Last night as I was about to head to sleep, Sensu started emailing me about disk space warnings on one of the backend servers. That’s strange, I thought. I had set up logrotate with appropriate limits to ensure the log file size is reasonable and rotation happens on a daily basis.
Curious, I ssh’d into the server to investigate. Running a df -h indicated as expected the disk space in use was over 70% (which is the trigger for sensu to send a notification) and the log files had grown way over expected size. So why didn’t logrotate rotate the files? I ran logrotate again to see what’s happening
$ sudo /etc/cron.daily/logrotate
error: backend:7 bad size '536870912.0'
error: found error in "log/production.log", skipping
Huh, ok so now we know why logrotate didn’t run. But having a decimal in the config causes it to flag as bad size? I checked the documentation and it doesn’t mention so:
size size Log files are rotated when they grow bigger then size bytes. If size is followed by M, the size if assumed to be in megabytes.

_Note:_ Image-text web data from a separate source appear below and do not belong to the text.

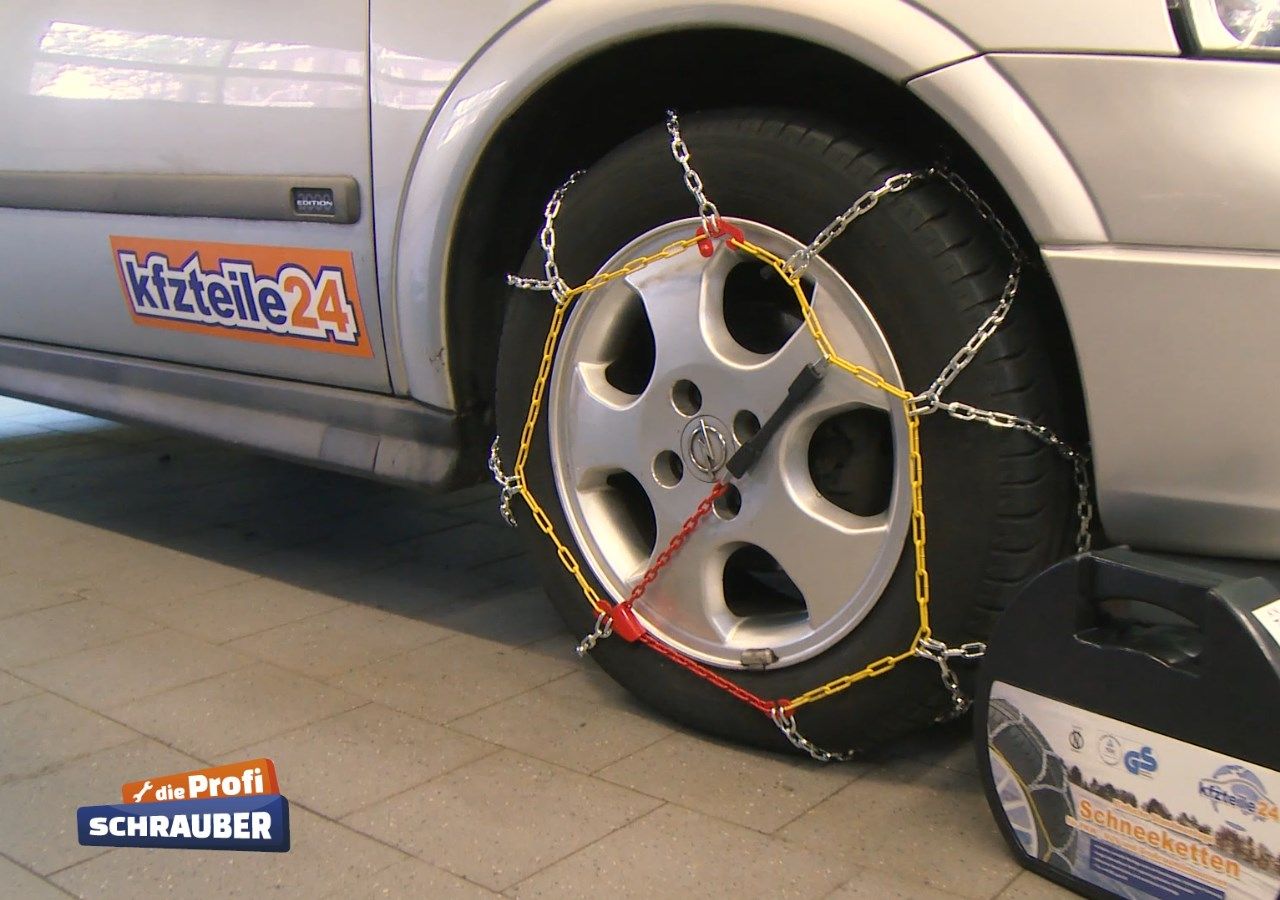 Wer die Montage übt, wird auch im Winter keine Probleme mit Schneeketten haben. montierte Schneekette
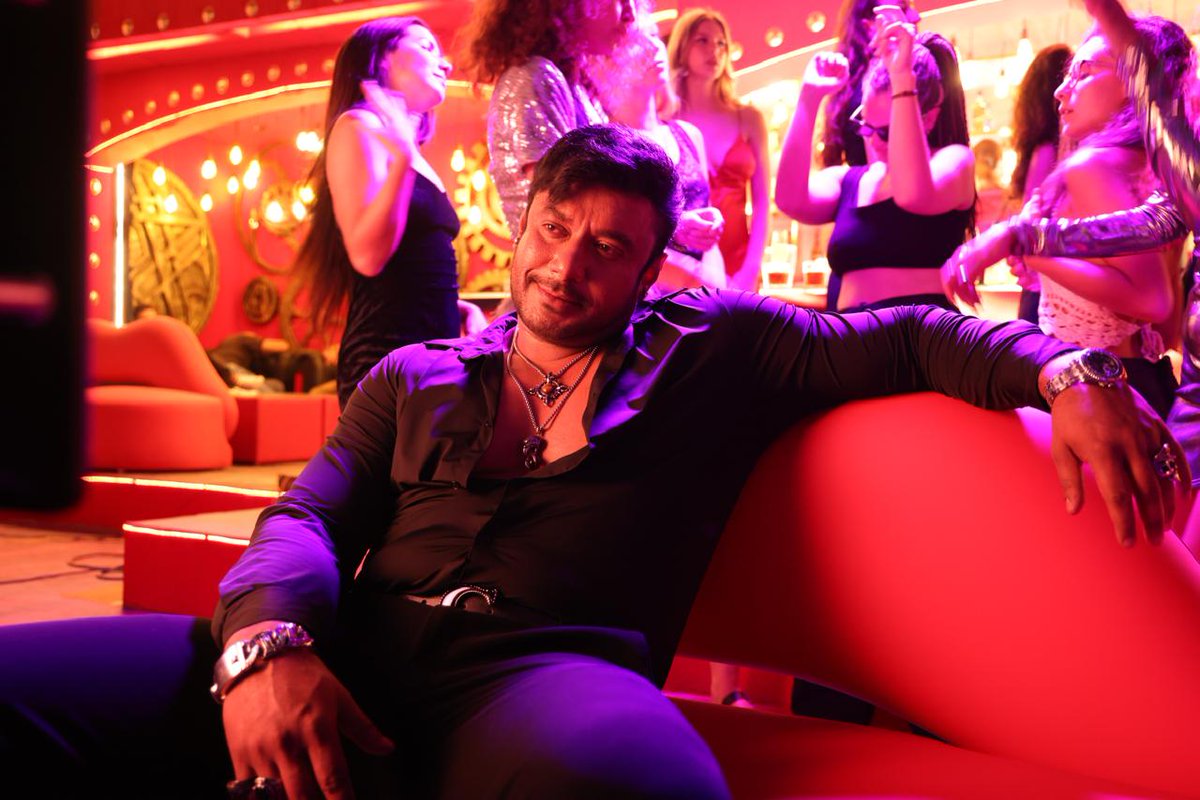 CSDSK1's tweet image. The Man With Deep Past💀 
&amp;amp; Now Crazy Present🔥🔥🔥

THE DEVIL 🥶💥

youtu.be/7ru18HS_934?si…

#HappyBirthdayDBoss

#TheDevilTeaser #TheDevil #DBoss @dasadarshan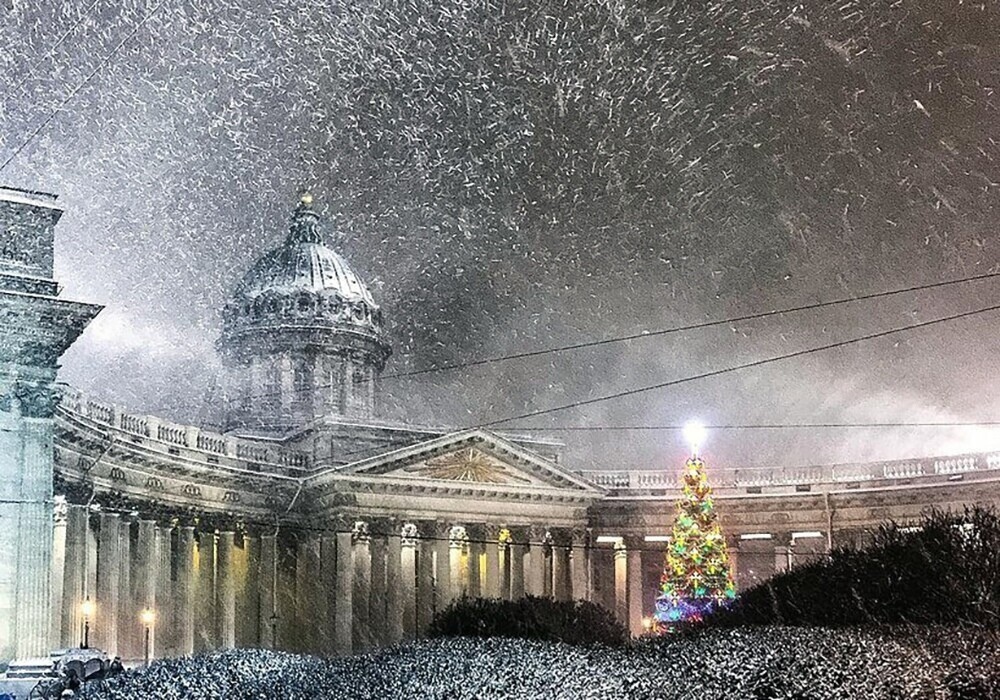 Санкт Петербург снег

If the k is used, the size is in kilobytes. So size 100, size 100k, and size 100M are all valid.
Removing the decimal allowed logrotate to work fine and rotated the files. So that’s a TIL for me. In case you’re wondering how that decimal came into the picture, Chef is used as the CM tool for deploying all changes. The size is defined in a recipe as so
size (0.5 * (1024 * 1024 * 1024))
maxsize (0.5 * (1024 * 1024 * 1024))
Now the first number is templated based on what service is being deployed and for the backend, it is configured as 0.5. Since Chef uses Ruby, this evaluates to ‘536870912.0’ and thus, the error.